As you can see, the model does a pretty decent job of sorting the two samples. It’s not right all the time, because of course a volume’s reception is determined by a lot of factors other than language (politics, the whims of reviewers, social networks). But the model is right 79.2% of the time, which is often enough to suggest that volumes reviewed in prominent venues had something in common. The sort of poetic language that got reviewed is distinguished from other poetic traditions not just toward the twentieth century, as we had expected, but throughout this period.

What’s even more puzzling is this: reviewed writers seem to have had the same thing in common throughout this century. The model is using essentially the same list of prestigious and banal words to separate Lord Byron from more obscure poets around 1819, and Christina Rossetti from more obscure poets around 1866, and T. S. Eliot from more obscure writers around 1917. That’s starting to sound like an oddly durable set of preferences. And actually, it’s even more durable than the image above suggests. A model trained on a quarter-century of the evidence can predict the other 75 years almost as accurately as a model trained on the whole century.

A model trained only on evidence from 1845-69 makes predictions about the other 75 years in the dataset.

A model trained only on evidence from 1845-69 makes predictions about the other 75 years in the dataset.
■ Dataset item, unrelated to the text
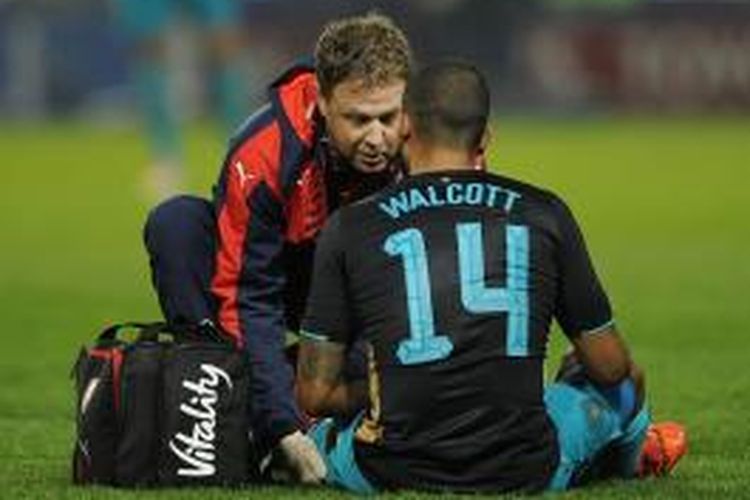 Theo Walcott alami cedera saat Arsenal disingkirkan Sheffield Wednesday dari Piala Liga, Selasa (27/10/2015).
So how is it even possible to characterize a whole century of poetic reception — based on fourteen different periodicals from both sides of the Atlantic — with a single set of aesthetic standards? Weren’t there supposed to be a couple of “poetic revolutions” in this century somewhere? W. B. Yeats certainly thought that one happened in the 1890s [2].

There’s another curious detail implied in the image above: why is the boundary between “reviewed” and “random” volumes drifting upward across the timeline? Technically, that’s an error. Volumes are not really “more likely to be reviewed” just because they were published later. But this is an error of an interesting kind. The model doesn’t know when these volumes were published: the dataset drifts upward because words that were more common in reviewed volumes across this period turn out to be more common in all volumes by the end of the period. If you divide the timeline into parts, the same pattern recurs in each part; and — to leak a detail from the next stage of this project — it also happens when we model fiction. That starts to suggest an interestingly general connection between synchronic judgment and diachronic change.

And there’s more. The detailed differences between reviewed and random poetry are interesting. In the article, we examine a haunting passage from Christina Rossetti; it turns out the model likes “haunting.” We also generalize about the theory of representativeness underpinning distant reading, and ask how our contemporary pedagogical canon looks when viewed by nineteenth-century aesthetic standards.

But all this, obviously, is too much to discuss in a blog post. See the article itself for our actual attempt to understand these puzzles.

We’ve released our code and data on Github, and hope readers will find flaws in our reasoning so we can improve the project. But this draft has been bounced off a couple of audiences already; at this point it’s stable enough to be cited and criticized. So, after some reflection, we’ve closed comments on this post in order to encourage a more public sort of critique. If we’re overlooking something, please say so in a blog post. It’s an explicit premise of the project that “being reviewed at all indicates a sort of literary distinction — even if the review is negative.”

[1]: One influential thesis holds that this division crystallized “in the last decades of the 19th century and the first few years of the 20th.” Andreas Huyssen, After the Great Divide: Modernism, Mass Culture, Postmodernism (Bloomington: Indiana UP, 1986), viii.

[2]: W.B. Yeats dated the “revolt against Victorianism” and against “the poetical diction of everybody” to the 1890s. See discussion in Richard Fallis, “Yeats and the Reinterpretation of Victorian Poetry,” Victorian Poetry 14.2 (1976): 89-100.